Riccardo Tisci, projektant marki Givenchy, nigdy nie bał się zapraszać na castingi gwiazd nie będących modelkami. Współpracowały z nim już takie aktorki jak Amanda Seyfried i Isabelle Huppert. Całkiem niedawno twarzą kampanii była też czarnoskóra piosenkarka, Erykah Badu. Teraz nadszedł czas na Julię Roberts.

aksam.com.tr

Znana wszystkim aktorka będzie promowała najbliższą kolekcję wiosenną.  Biało-czarne ujęcia, stworzone przez Merta Alasa i Marcusa Piggota, mają ukazywać kobietę Givenchy, która kojarzy się z siłą i nowoczesnością. Tę męską stylizację przygotowała Katy England, za fryzurę odpowiedzialny jest Serge Normant, a za makijaż Genevieve Herr.

Zgoda Julii Roberts na promowanie marki jest dużą niespodzianką – odtwórczyni głównej roli w „Pretty Woman” stara się trzymać w cieniu, rzadko występuje w reklamach. Przez to jej uczestnictwo we wszelkich projektach staje się produktem ekskluzywnym.

Riccardo Tisci mówi o Julii Roberts w wywiadzie dla portalu style.com: „Niedługo minie 10 lat, od kiedy jestem w Givenchy. Bardzo chciałem stworzyć coś, co będzie moją ikoną. Pierwszy raz złapałem kontakt z Julią na czerwonym dywanie – chciała dostać pelerynę z mojej kolekcji. Wtedy stwierdziłem, że byłoby wspaniale mieć ją w swojej kampanii.

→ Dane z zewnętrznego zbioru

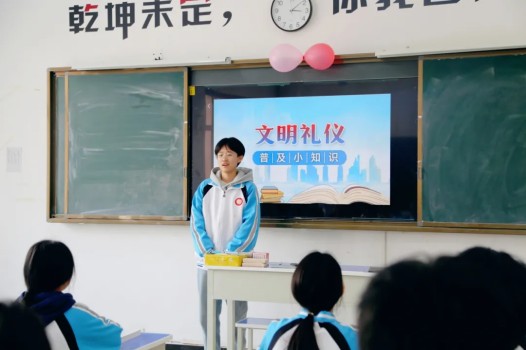 班主任专访 | 从“监督者”到“同行者”,她用心折射教育的温度(图14) 班主任专访 | 从“监督者”到“同行者”,她用心折射教育的温度(图14)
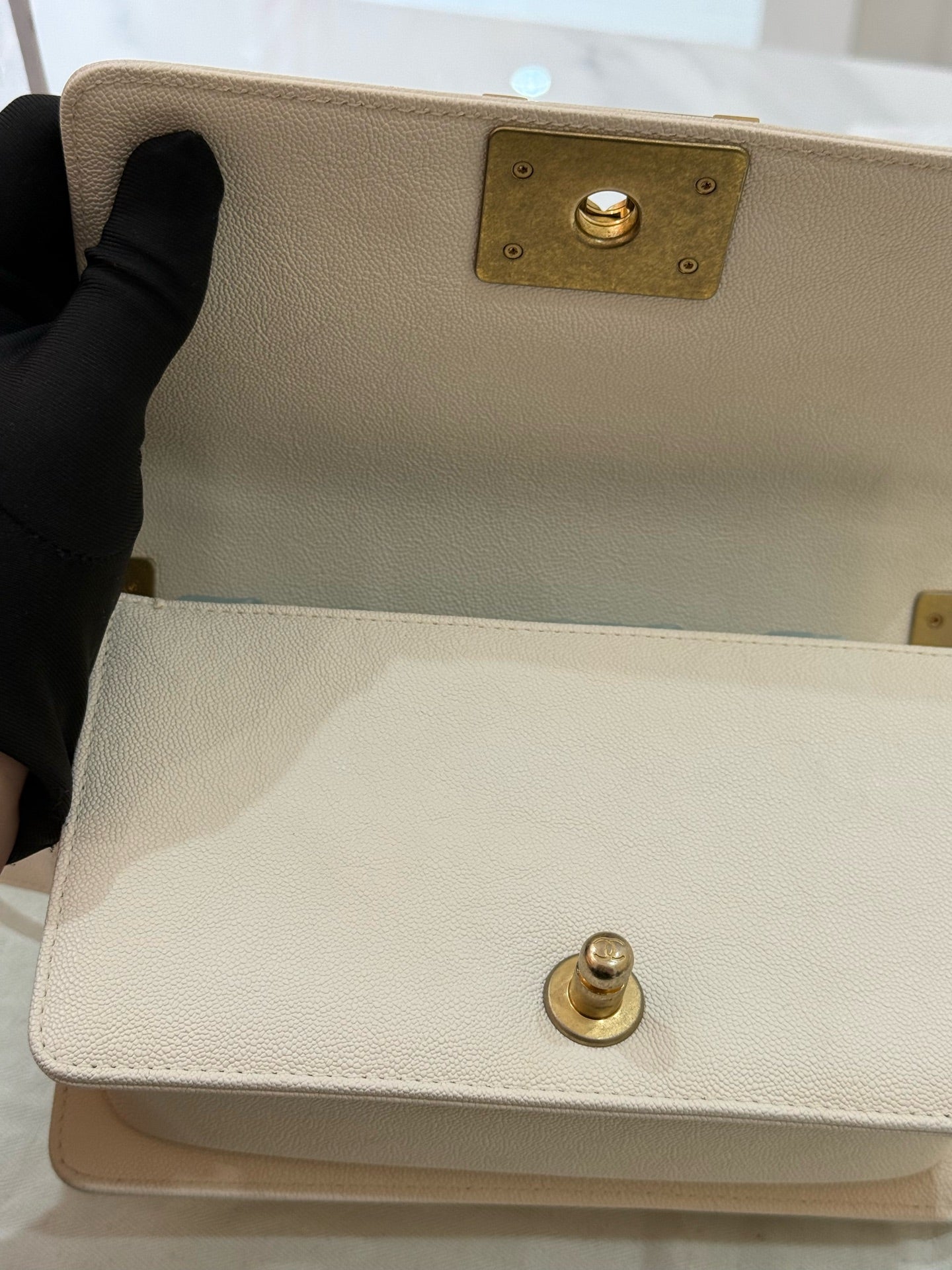 Chanel - Boy - Leather - White - (small)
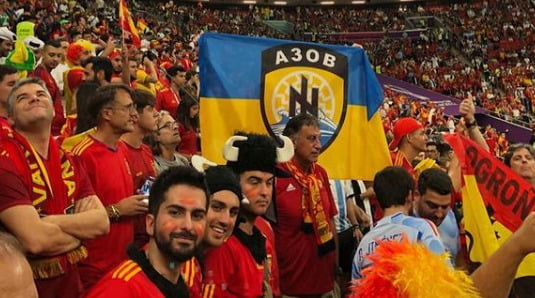 Скандал на Чемпіонаті світу: FIFA відібрали прапор «Азову», який розгорнули іспанські вболівальники на трибунах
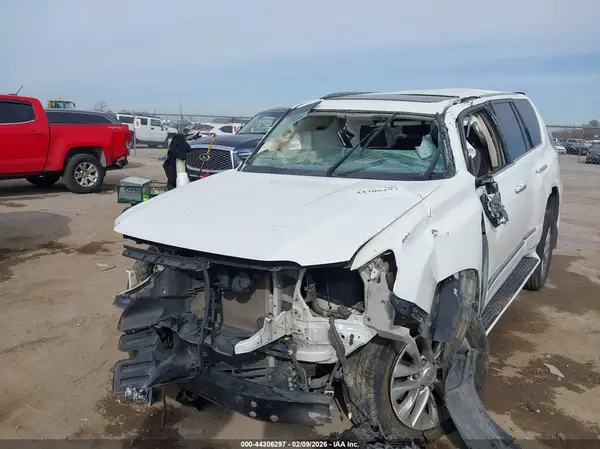 JTJBM7FX3K5218267 2019 LEXUS GX - Image 2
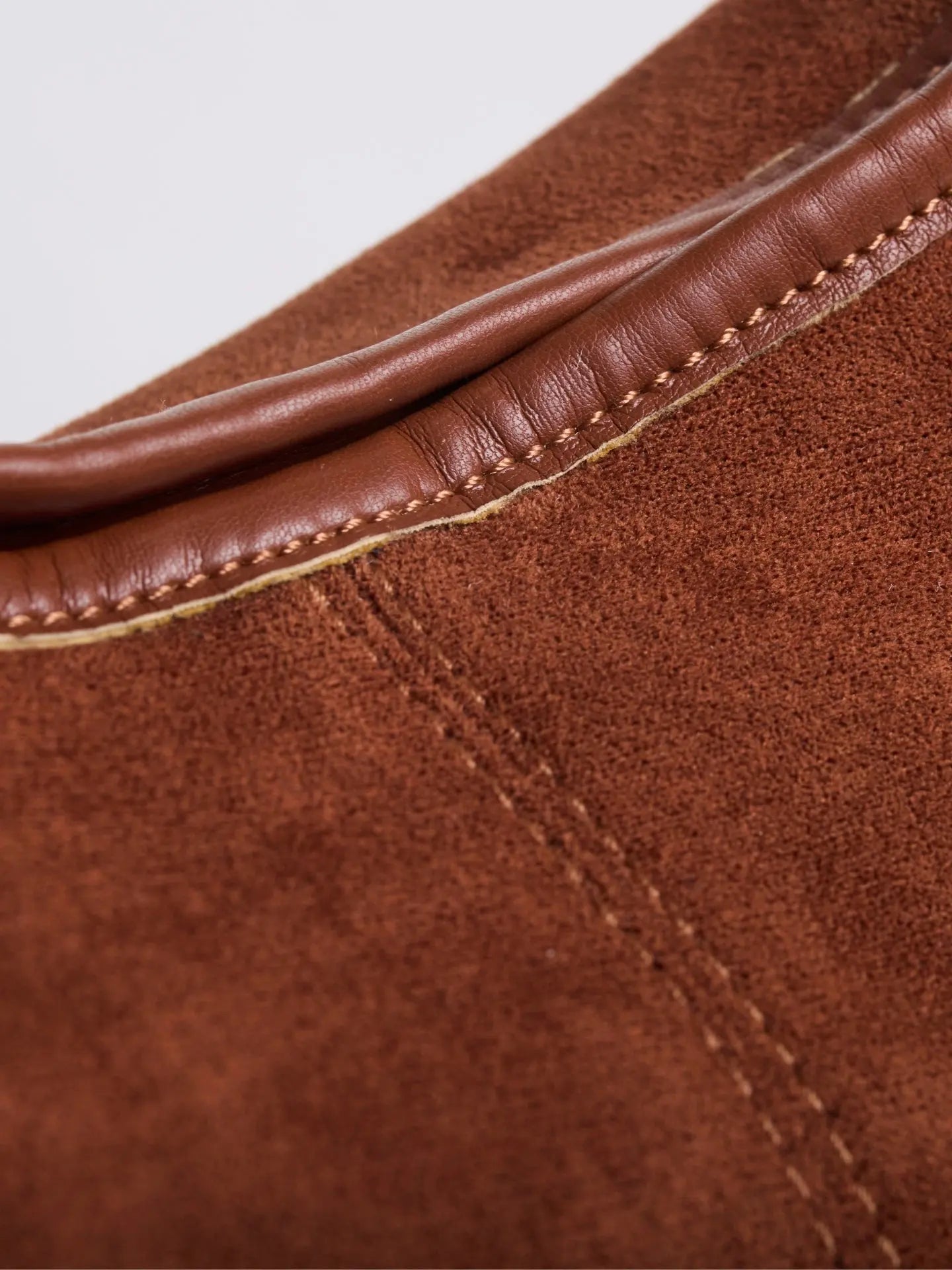 Evie | Minimal Vegan Suede Hobo Bag – Timeless & Chic - in Coffee | Arvea Bags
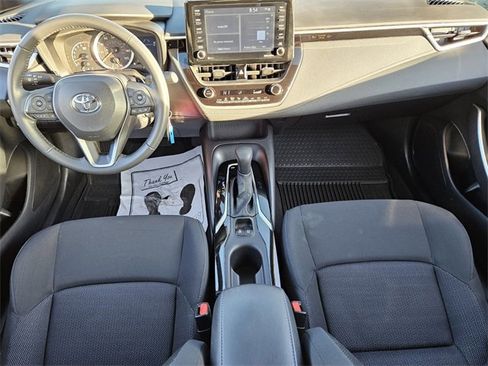Used 2022 Toyota Corolla SE image 8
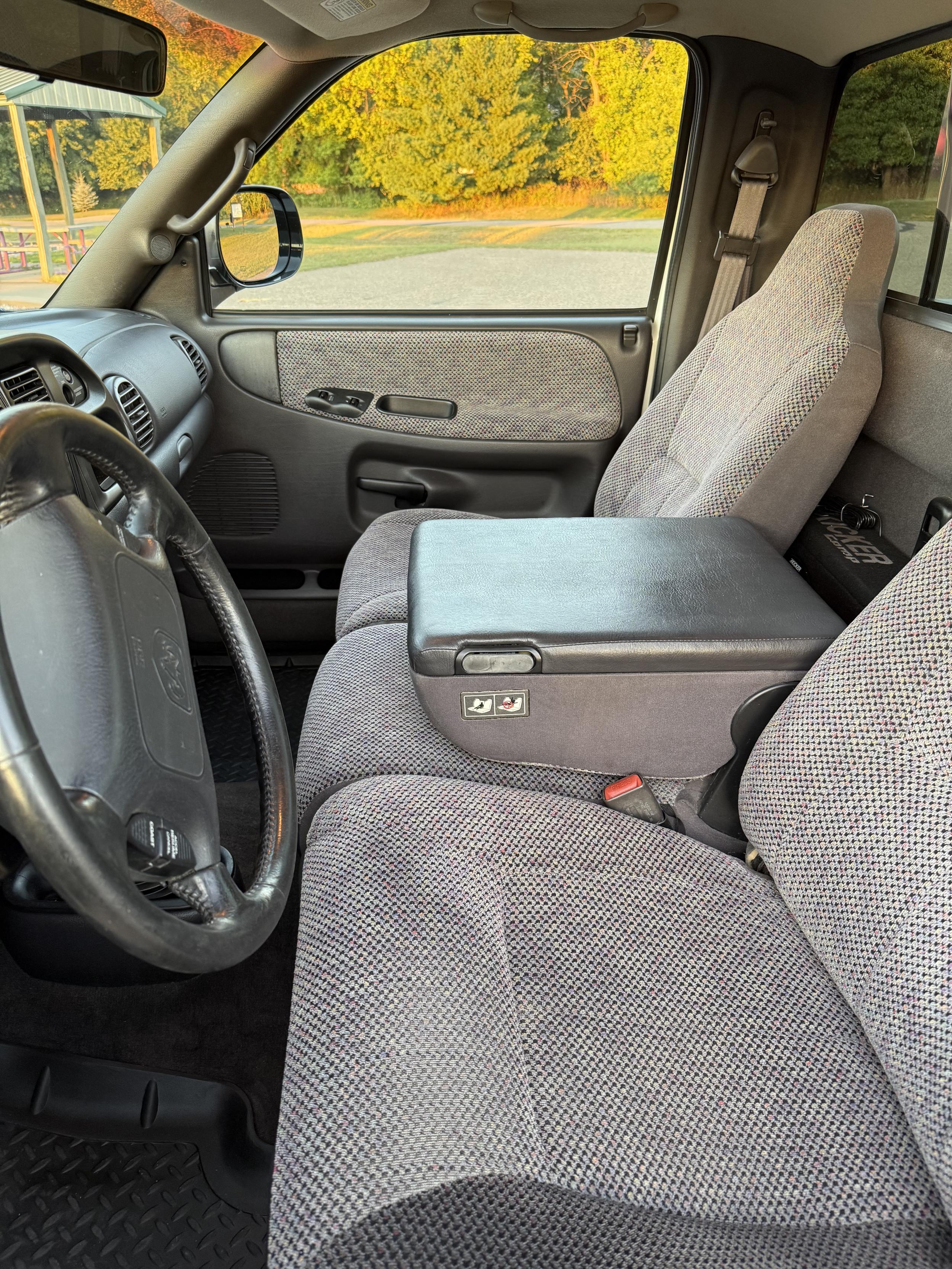 2000 Dodge Ram Sport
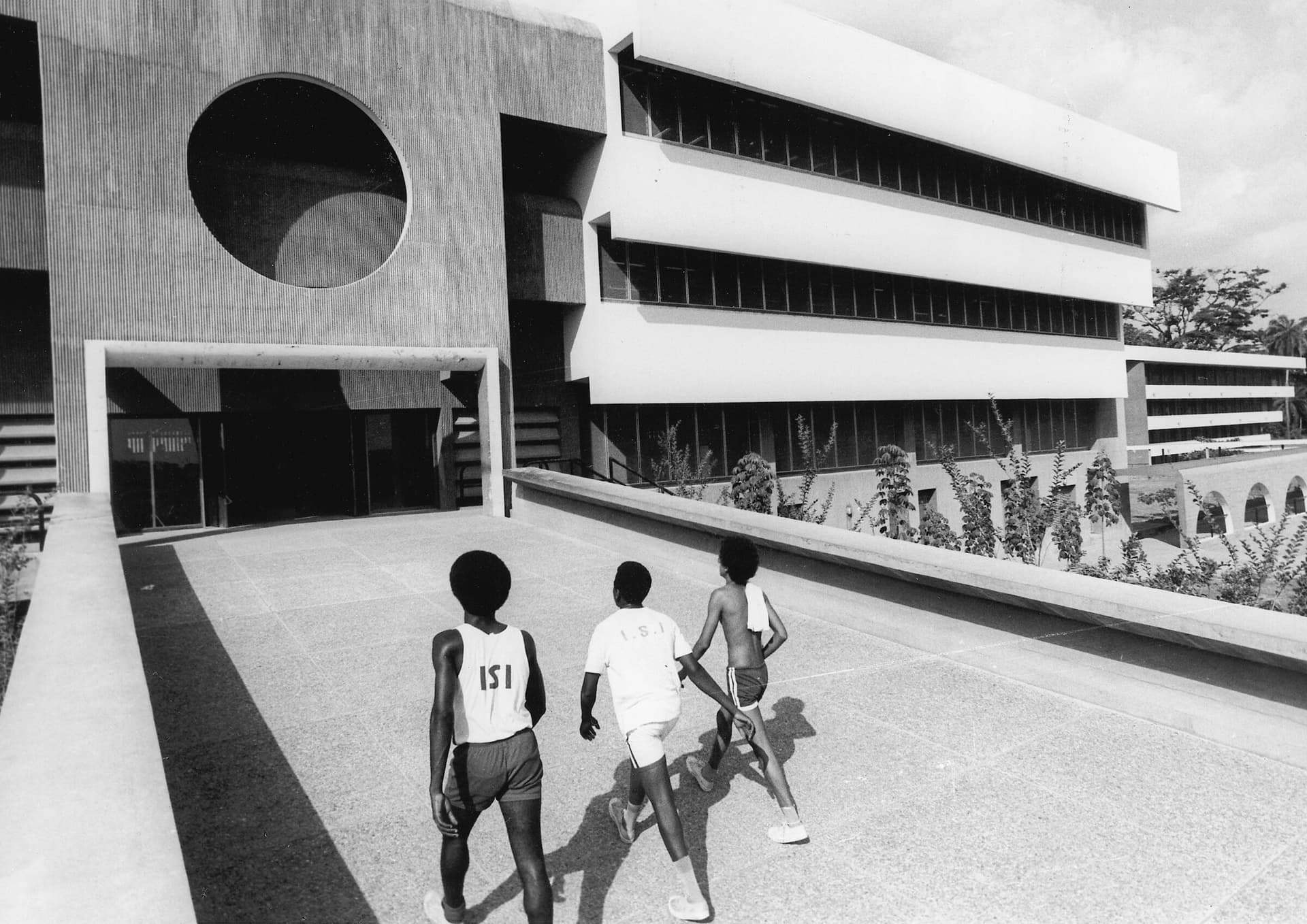 University of Ife in Ile-Ife, Nigeria, from the architects Arieh Sharon and Eldar Sharon. Photo: © Arieh Sharon digital archive 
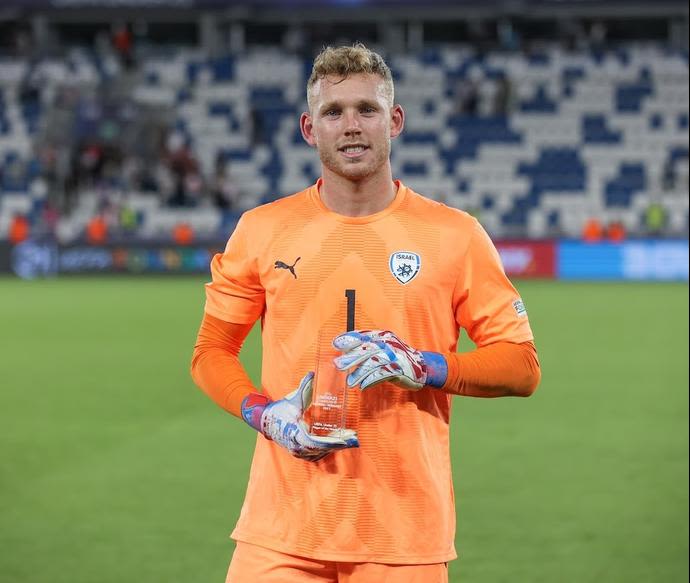 דניאל פרץ, שוער הנבחרת הצעירה, עם פרס השחקן המצטיין אחרי רבע גמר אליפות אירופה 2023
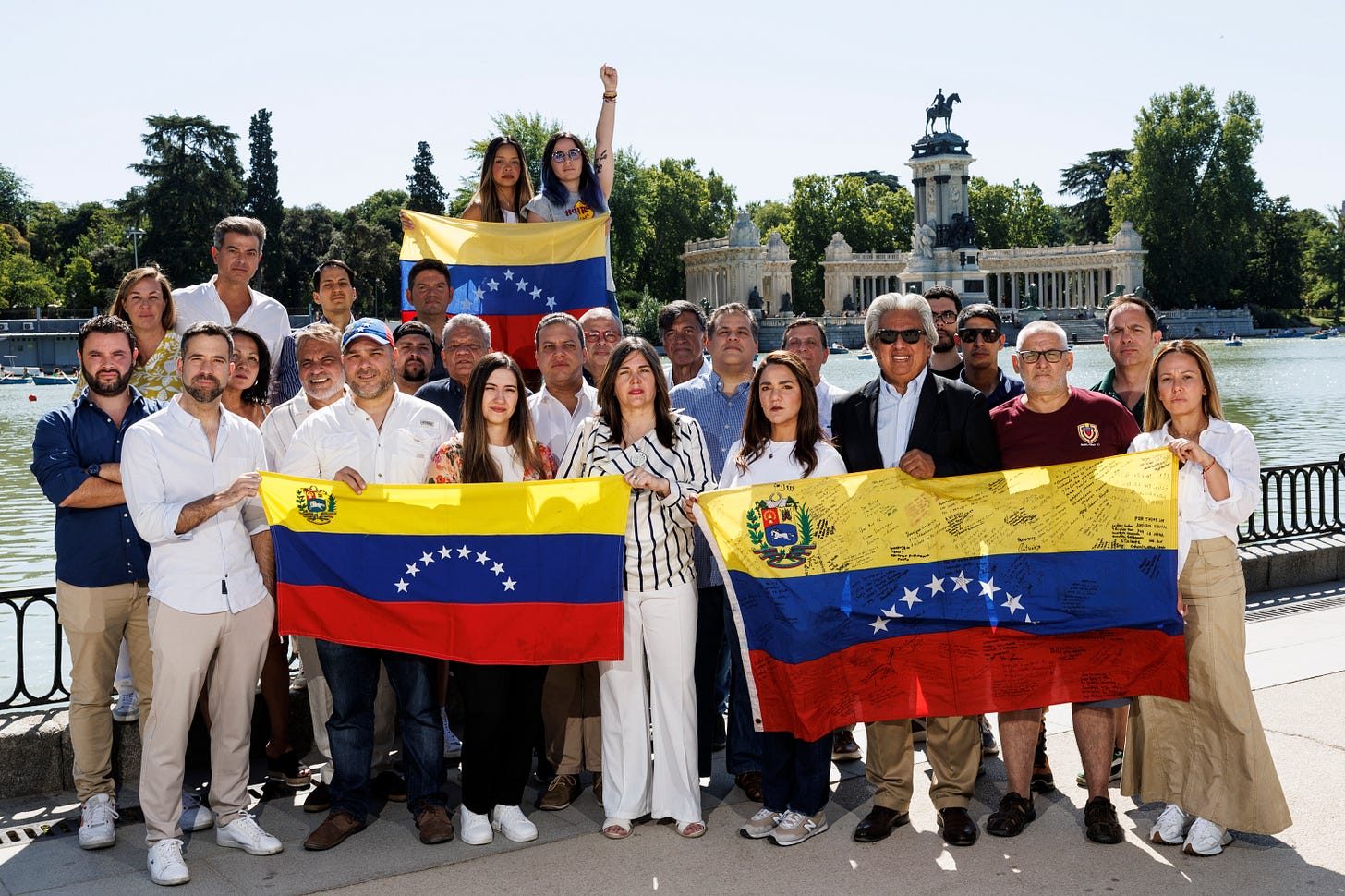 Un nutrido grupo de la diáspora venezolana reunido, ayer, en el Parque del Retiro de Madrid. Un nutrido grupo de la diáspora venezolana reunido, ayer, en el Parque del Retiro de Madrid.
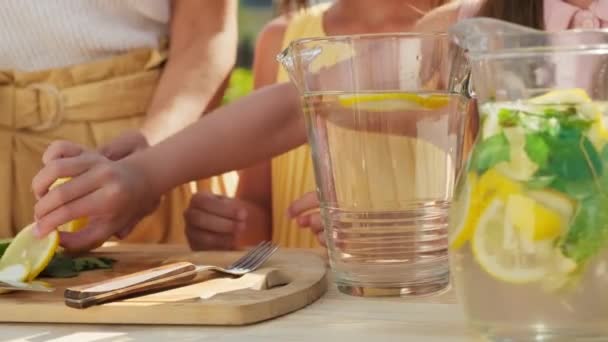 Slow Motion Tussenschot Van Onherkenbare Vrouw Twee Meisjes Die Zomer — Stockvideo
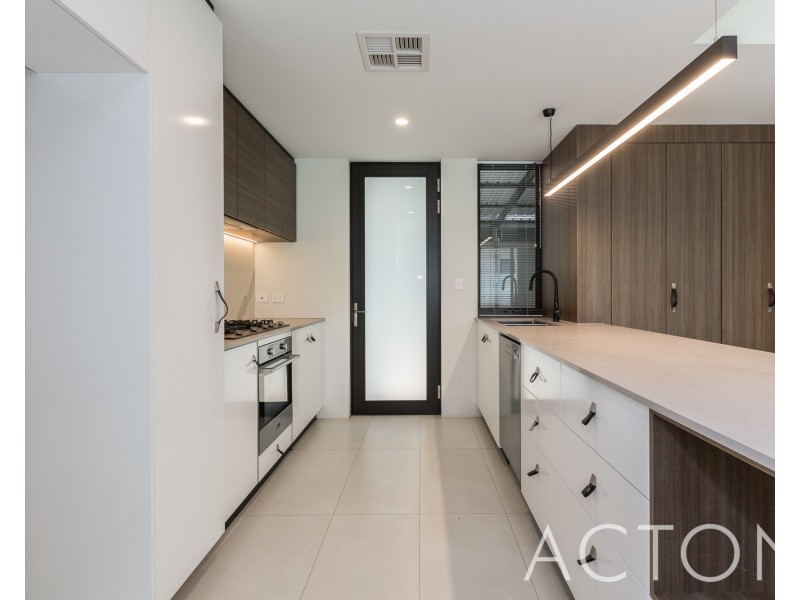 2/226 Hampden Road, Crawley WA 6009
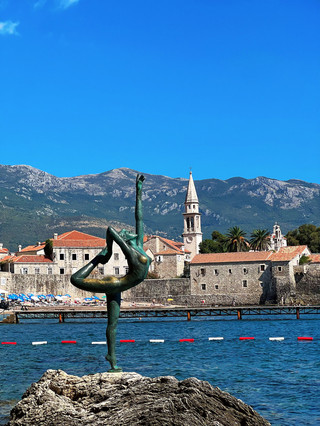 Summer multi-country trip to Serbia and beyond—this guide is super practical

Bardzo ją szanuję jako piękność i jako kobietę. Jest bardzo inteligentną dziewczyną. I bardzo zabawną. Szalenie zabawną. I jest bardzo pewna siebie, jak Marina Abramovic, Mariacarla Boscono, co jest charakterystyczne moich kobiet [z kampanii; przyp. red.]. Myślałem, że namówienie jej będzie trudne, bo Julia raczej nie występuje w kampaniach, więc byłem zaskoczony, gdy powiedziała tak”.